_Brief_
Every line from the first in the listing below to the line containing "My Organic เซรั่มผมดำ" is to be repeated exactly, and no line past it.

_Available records_
○ ○ ○

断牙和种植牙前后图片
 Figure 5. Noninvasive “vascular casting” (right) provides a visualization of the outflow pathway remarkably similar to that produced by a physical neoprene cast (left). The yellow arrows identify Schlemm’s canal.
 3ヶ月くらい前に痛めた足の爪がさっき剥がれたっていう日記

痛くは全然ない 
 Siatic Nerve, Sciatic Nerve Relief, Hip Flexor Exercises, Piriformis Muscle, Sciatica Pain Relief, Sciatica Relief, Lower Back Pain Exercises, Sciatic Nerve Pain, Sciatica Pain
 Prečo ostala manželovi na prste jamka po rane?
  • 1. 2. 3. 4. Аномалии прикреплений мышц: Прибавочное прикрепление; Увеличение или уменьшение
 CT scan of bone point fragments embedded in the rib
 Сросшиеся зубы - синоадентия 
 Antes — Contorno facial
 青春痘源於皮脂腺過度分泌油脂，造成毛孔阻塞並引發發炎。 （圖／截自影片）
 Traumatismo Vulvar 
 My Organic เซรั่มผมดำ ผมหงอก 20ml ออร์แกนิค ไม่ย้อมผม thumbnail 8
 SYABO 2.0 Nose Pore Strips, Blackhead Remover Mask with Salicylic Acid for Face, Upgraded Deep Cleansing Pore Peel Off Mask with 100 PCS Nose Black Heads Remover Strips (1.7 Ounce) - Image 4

○ ○ ○

_Exercise result_
断牙和种植牙前后图片
 Figure 5. Noninvasive “vascular casting” (right) provides a visualization of the outflow pathway remarkably similar to that produced by a physical neoprene cast (left). The yellow arrows identify Schlemm’s canal.
 3ヶ月くらい前に痛めた足の爪がさっき剥がれたっていう日記

痛くは全然ない 
 Siatic Nerve, Sciatic Nerve Relief, Hip Flexor Exercises, Piriformis Muscle, Sciatica Pain Relief, Sciatica Relief, Lower Back Pain Exercises, Sciatic Nerve Pain, Sciatica Pain
 Prečo ostala manželovi na prste jamka po rane?
  • 1. 2. 3. 4. Аномалии прикреплений мышц: Прибавочное прикрепление; Увеличение или уменьшение
 CT scan of bone point fragments embedded in the rib
 Сросшиеся зубы - синоадентия 
 Antes — Contorno facial
 青春痘源於皮脂腺過度分泌油脂，造成毛孔阻塞並引發發炎。 （圖／截自影片）
 Traumatismo Vulvar 
 My Organic เซรั่มผมดำ ผมหงอก 20ml ออร์แกนิค ไม่ย้อมผม thumbnail 8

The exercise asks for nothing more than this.